The Butcher
“Our varieties of sausages and salumi feature prominent notes of local muscadine wine, sorghum and spice berries — just to name a few.”
Much of the meat served in our restaurants is sourced from local farmers from whom we buy whole animals. What is not used as a featured fresh cut is then transformed by our butcher into a cured, dried or otherwise preserved meat product such as bacon, salami or country ham. For our guests the goal is education, and we want to encourage people to learn more about the source of their meat.
Michael Sullivan
Butcher
Michael Sullivan is the Charcutier (or Butcher) at Blackberry Farm. He creates sausages from foothills ingredients, while his salami deploys local muscadine wine, sorghum and spice berries. Michael learned about the importance of passion from his father, a baker who was overjoyed to wake before dawn and never lost his excitement for how each day’s yeast was different from the previous day’s.
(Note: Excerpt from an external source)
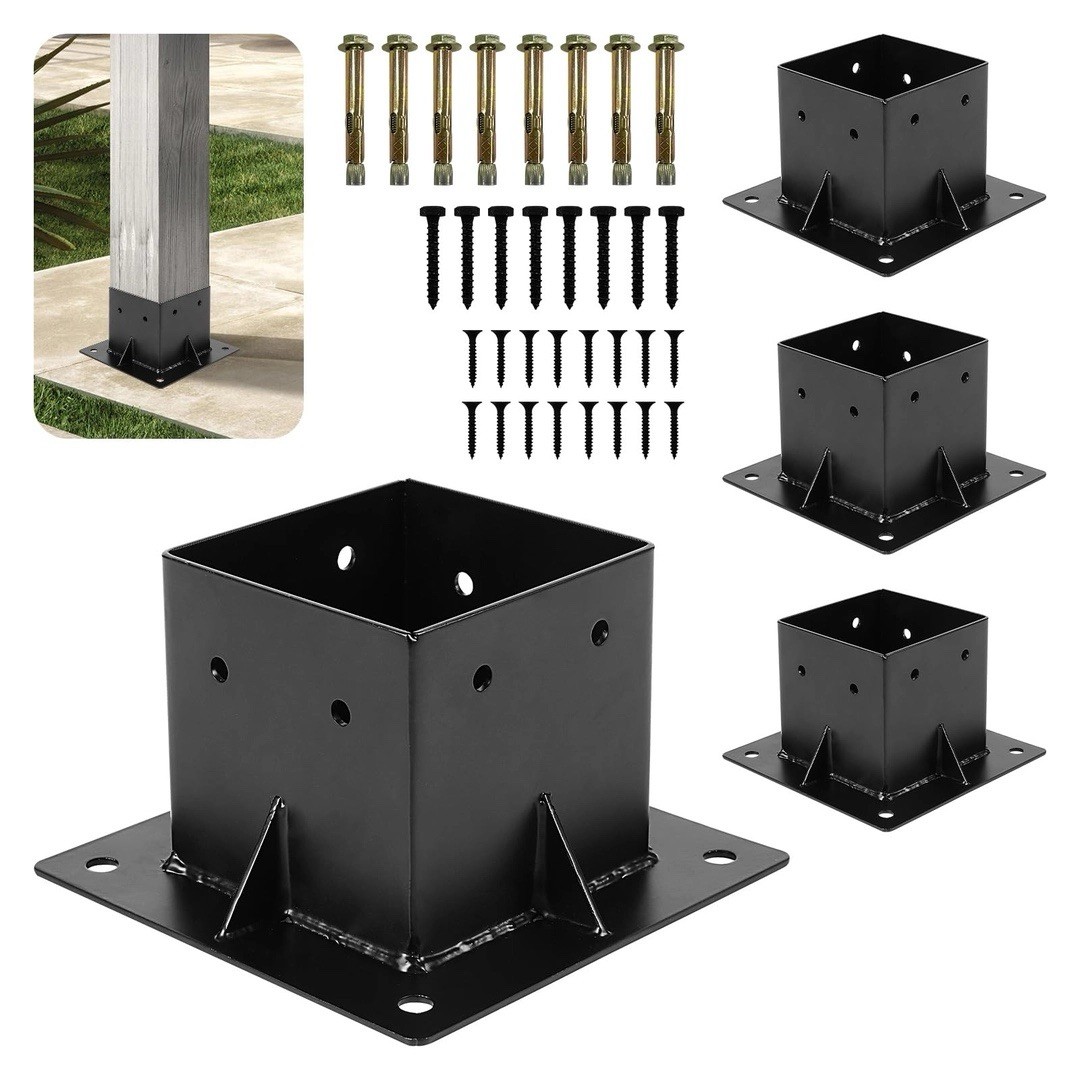 4x4 Post Base Brackets, 4 pcs Deck Post Base Fit 4"x4" Post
Sullivan assumed that the joy he took
in preaching and caretaking meant that he was born to minister. By his early thirties, he left the church, moved his family to upstate New York and attended the Culinary Institute of America while continuing to work full-time at restaurants, then apprenticed himself to sausage makers who, like he, experienced their work as pork art and a form of living history. “I am all about heritage, tradition; I go back into time rather than forward to learn,” he says. “I butcher every ounce that I use. It is my responsibility. I hand tie my sausages with hemp in the old Italian way; it grips the casing better. I mix my meats with my hands in order to put a little touch of myself with it, so that people taste the human touch, not some cold, stainless steel machine.” Michael has worked in the kitchens at Blackberry Farm since 2004, and specifically with our meat curing program since 2007.